By your statement, you will probably need to run the idle speed screw, drivers side in until it moves the throttle.
Another issue that might be occurring, you are not keeping constant current to the electric choke after startup. If this happens the auto choke will come back on and pull the fast idle cam back up.
If you are not following a Holley adjustment guide, with the throttle held wide open, turn the auto choke housing until the choke blade is about 1/4 inch from full closure. If this does not get the job done or is too rich, adjust the choke housing accordingly, leave the screw alone.

CraigS
11-06-2017, 07:13 AM
To clarify terms look here
http://documents.holley.com/199r11081.pdf
Scroll down to figure #8. This is how the choke idle speed is adjusted.
Scroll down to figure #14. This is the most often used idle speed adjuster. It adjusts the throttle plate in the primary side only. Since the secondaries are vac operated holley doesn't even mention adjusting them.
To add to what Railroad said about power to the choke, it must have a full 12 V all the time the key is on. Also, although it may be convenient, do NOT get that power from the coil or any ignition components. Run a separate power lead from a key on source in the fuse box.

awd-turbo
11-06-2017, 02:18 PM
isnt there a tan wire for the electric choke on the ron francis harness? Cant he use that craigs? or is that no good?

scottiec
11-06-2017, 02:27 PM
isnt there a tan wire for the electric choke on the ron francis harness? Cant he use that craigs? or is that no good?

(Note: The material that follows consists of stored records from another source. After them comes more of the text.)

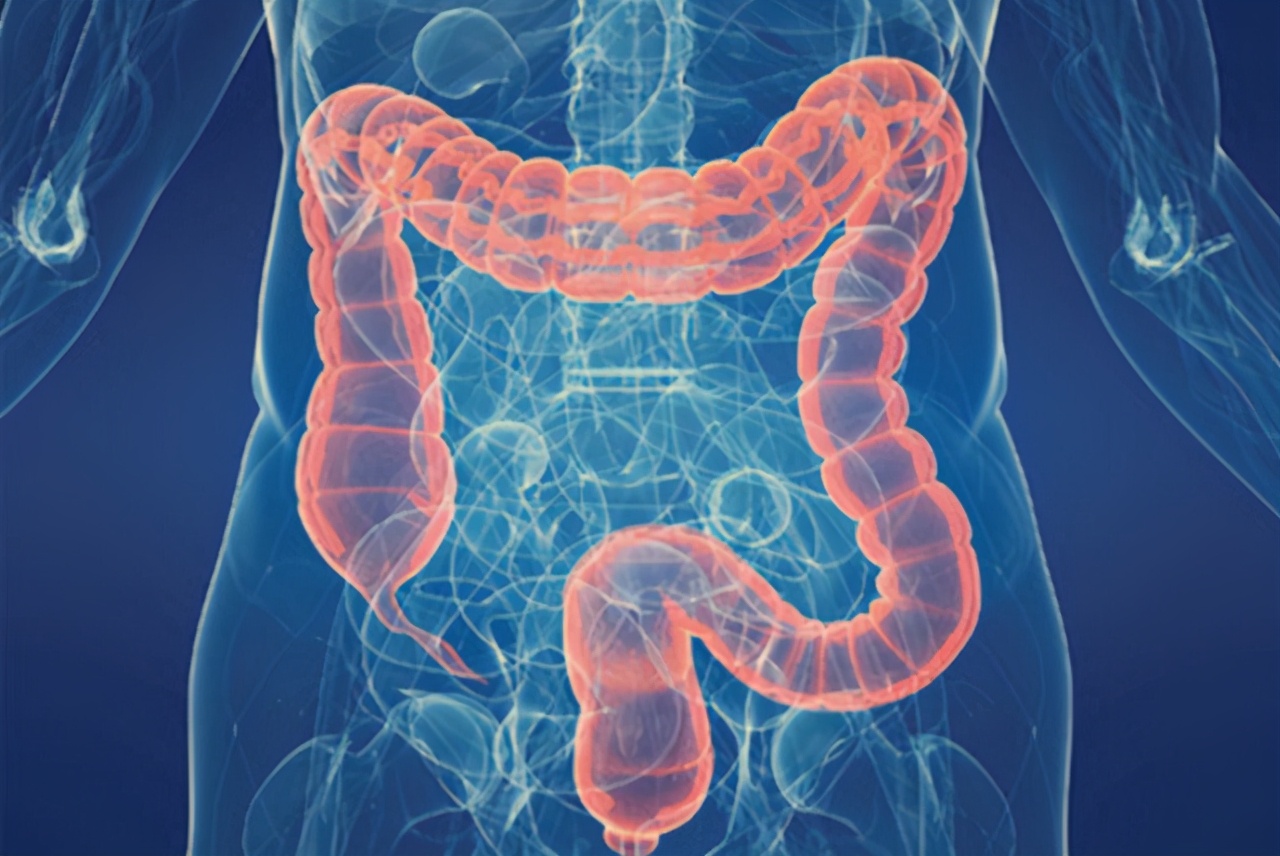 大肠癌科普知识结肠息肉知多少,大肠疾病分类及图片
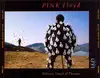 cd pink floyd - delicate sound of thunder (2000)
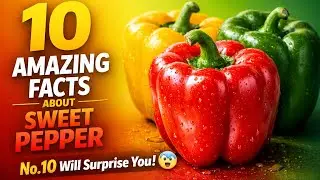 10 Amazing Facts About Sweet Peppers
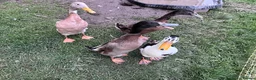 Ducks poultry for sale: Indian Runner Ducks - Advert 2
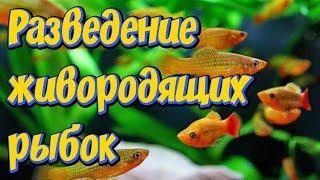 Breeding Live-bearing fish Guppies Pecilia swordsmen HUSBAND FISH BREEDING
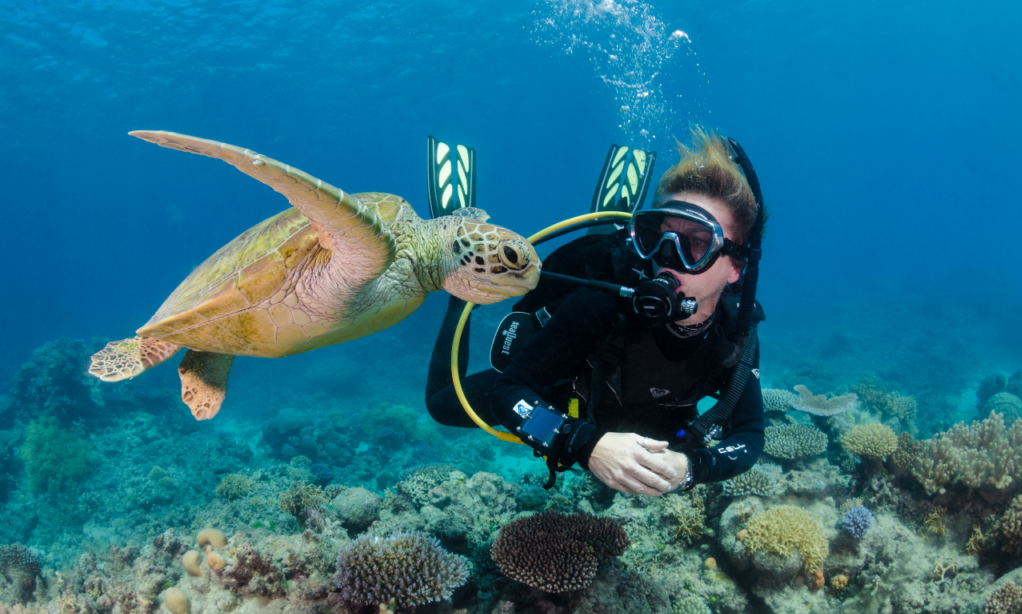 Dive On The Great Barrier Reef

That wire is fine to use for the electric choke.

bil1024
11-06-2017, 06:32 PM
Hey thanks everyone, seems better now that I backed off the fast idle screw and used the idle screw to adjust the rpm at idle. I have the choke set to the last tick mark, which also seems fine for now. My only question is, the fast idle cam seemed to be stuck upwards a bit after running awhile, the RPM were creeping up so I knocked it down by hand and it leveled out. Granted, it did kick down when I pumped the pedal , almost like to was hung up on something ?

NAZ
11-06-2017, 07:32 PM
If it continues to give you trouble don't be afraid to pull the carb and give the electric choke system a good look to ensure nothing is binding. It's really a simple system and it's not like you're going to break something. And you may become a bit more familiar with how it works in the process.

Railroad
11-06-2017, 10:54 PM
Holding the throttle wide open and the choke open by the cap adjusted to max lean, move the high idle cam up and down to make sure it is free. The fast idle screw may still be too close to the cam. Make sure it does not drag with the cam in the down position. It does not have to be close to the cam in the off choke position, about 2 or 3 business card thickness clearance. I have seen the wt get broken off the bottom of the plastic fast idle cam. Make sure it is still intact.
You can check the engagement of the bi metal spring in the choke cap, by holding the throttle open, with the choke cap loose, turn it both directions. The choke blade should respond in BOTH directions.

CraigS
11-07-2017, 07:11 AM
That wire is fine to use for the electric choke.

That is fine. I just wanted to assure he has it correct. I haven't worked much w/ the current harness, and wasn't sure of wire colors, so provided some backround info just in case.